Цецилия вздохнула и подумала: «Какой ужас!»
Всматривалась ты когда-нибудь в небо? То есть я хочу сказать
Я озябла, прервала она Отто и прижалась к нему.
Может, вернемся? тотчас предложил он.
Нет, нет, воскликнула она и снова вздохнула.
Молча шли они все дальше и дальше. Где-то внизу плескалась вода. Волны ударялись о берег и снова откатывались. Временами ветер приносил издалека слабые звуки духового оркестра. На Эльбе глухо завыла сирена. Цецилия вздохнула.
Что с тобой?
Ничего.
Почему ты все вздыхаешь?
Цецилия ответила не сразу.
Лучше бы мы пошли в нашу гостиницу.
Он крепче прижал к себе ее руку.
В субботу! пообещал он, а сам подумал: «Ну и девушка! Одно у нее на уме!» И он обнял ее.
Больше всего мне хочется быть с тобой совсем-совсем наедине, прошептала она, прижимаясь к нему.
6
Члены ферейна, приехавшие с детьми, уже собирались возвращаться в город. В маленькой клубной комнате и в танцевальном зале собрались все, кому в саду стало прохладно. Теперь-то и обнаружилось, что для такого количества людей ресторан тесен. Многие из гостей отправились в «дом паромщика» выпить финкенвердерского грога.
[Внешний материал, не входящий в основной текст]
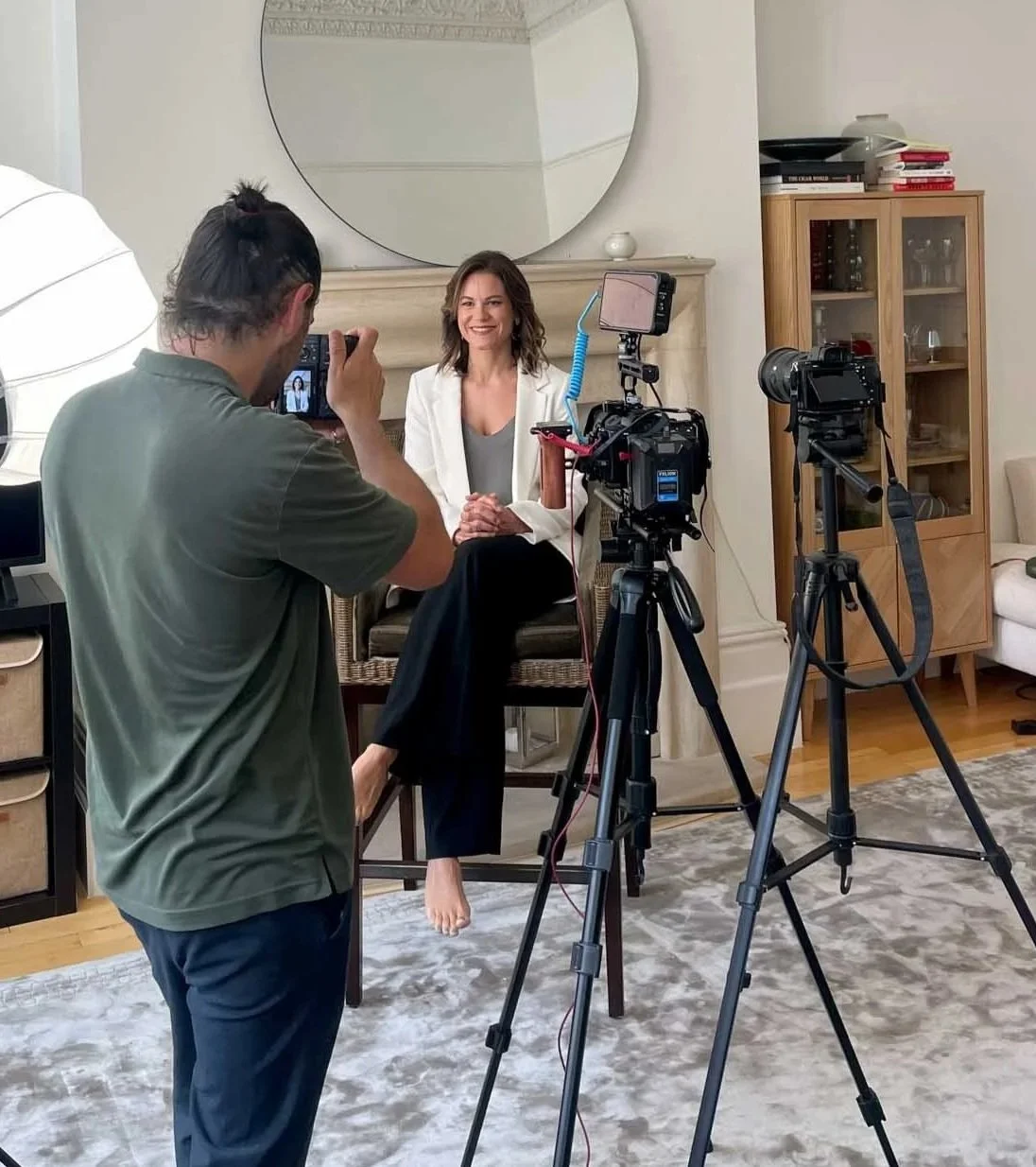 A woman sits on a chair in front of a camera and lights, smiling for a photo or video shoot, with a man taking her picture or recording her, in a cozy room with wooden furniture and a large mirror.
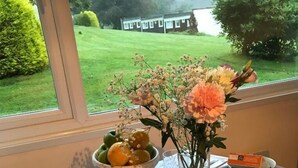 A table set with a cake, fruit bowl, and a vase of flowers, with a view of a house and greenery outside. - Welcome to Poldark Country - A Cornish Idyll! (Camelford)
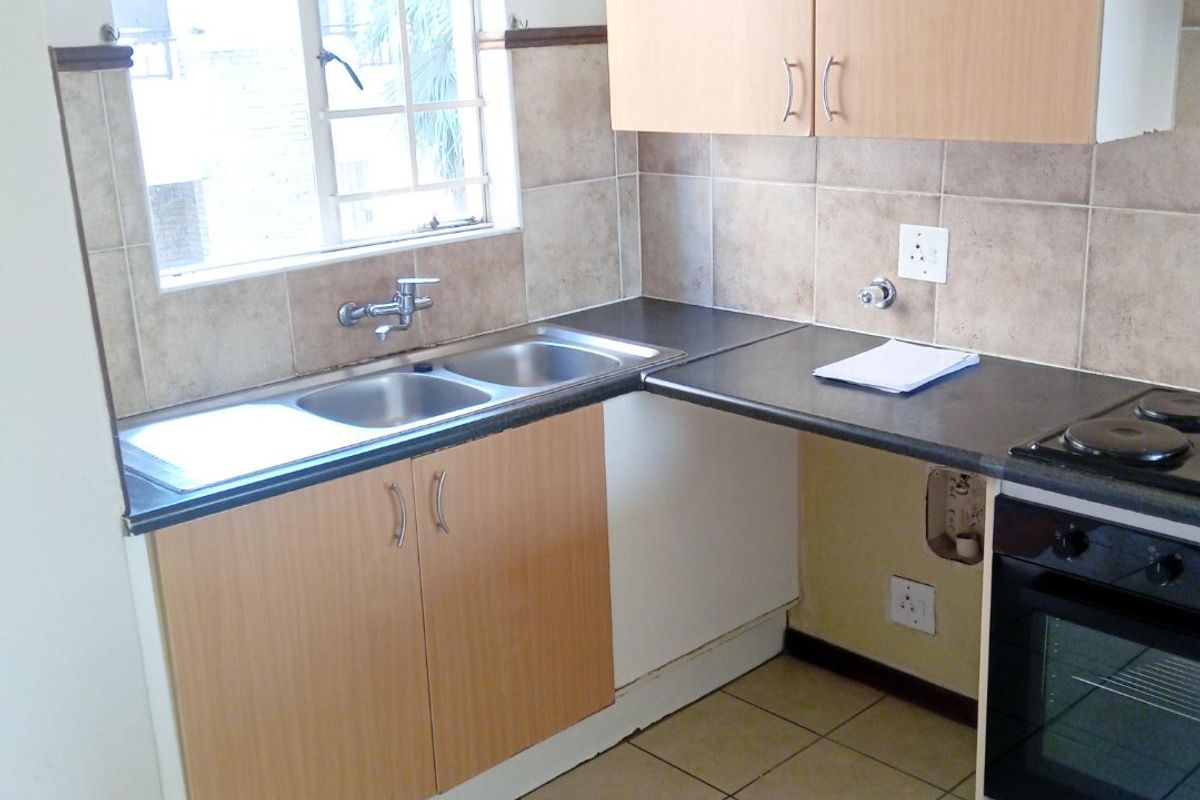 Functional kitchen featuring laminate cabinetry, double bowl sink, built-in oven, electric hob, and ceramic tile finishes throughout.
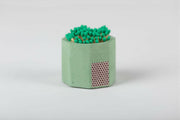 Tenn Prairie | Match Holders with Striker + Matches: Close-up of a blue concrete match holder with cork bottom, containing 70 green-tipped matches and a side striker pad.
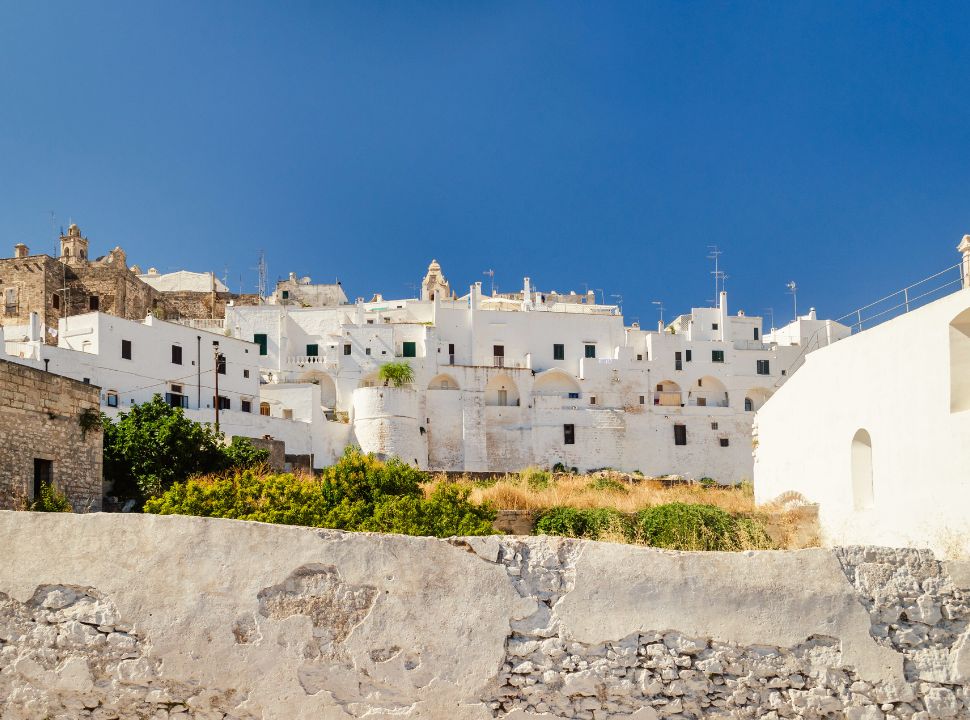 the white buildings of ostuni puglia with a church standing out on the top of the hill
Карл Брентен заказал для Хардекопфов и Штюрков угловой стол в клубной комнате, и они сидели здесь, пили пиво и слушали Паулину, она рассказывала, как навестила Рюшер в больнице. Фрида слушала этот рассказ в четвертый раз, а старый Хардекопф уже в восьмой, но для Штюрков он был нов. Софи, уставившись округлившимися глазами в рот Паулине, боялась проронить словечко. Сумасшедший дом ведь про это не каждый день услышишь. Ей рисовалось нечто до жути страшное, и она была очень разочарована, услышав, что все там как в обыкновенной больнице и что бедняги сумасшедшие ничуть не кажутся более безумными, чем другие люди. И все же Софи Штюрк получила полное удовлетворение, ибо фрау Хардекопф описывала в драматических тонах историю Рюшер, приукрашивая свой рассказ все новыми подробностями и дополняя его собственными домыслами и догадками, которые она преподносила как непреложные факты. Старик Хардекопф мог точно проследить, как эта история при каждом повторении обрастала все более удивительными сенсациями. То, что вначале было всего-навсего предположением, со временем становилось достоверностью: Рюшер в изображении фрау Хардекопф пала жертвой своих сыновей. Они запрятали ее в сумасшедший дом, чтобы завладеть квартирой и обстановкой Произошло это так: Пауль Рюшер женился, и его жена, низкая тварь, просто выжила кроткую Рюшер из квартиры. Сначала, в изображении Паулины, старый Иоганн прекрасно это помнил, невестка якобы так извела Рюшер всякими придирками, что та бросилась на свою мучительницу с кухонным ножом. Теперь же фрау Хардекопф утверждала, что Рюшер, вероятно, давно бы убили, не найди она убежище в сумасшедшем доме: изверги-сыновья решили избавиться от нее любой ценой. Прежде Паулина рассказывала, что, по словам Рюшер, во Фридрихсберге не так уж плохо, что она не прочь здесь закончить свои дни. А потом «не так уж плохо» превратилось в «великое счастье». Рюшер блаженствует. Лежит она в чистой постели, ей не нужно больше спозаранок разносить хлеб и подметать залы в банке, терпеть придирки сыновей и их жен; короче говоря: она вполне довольна и счастлива, все простила своим сыновьям и невесткам, она им даже благодарна.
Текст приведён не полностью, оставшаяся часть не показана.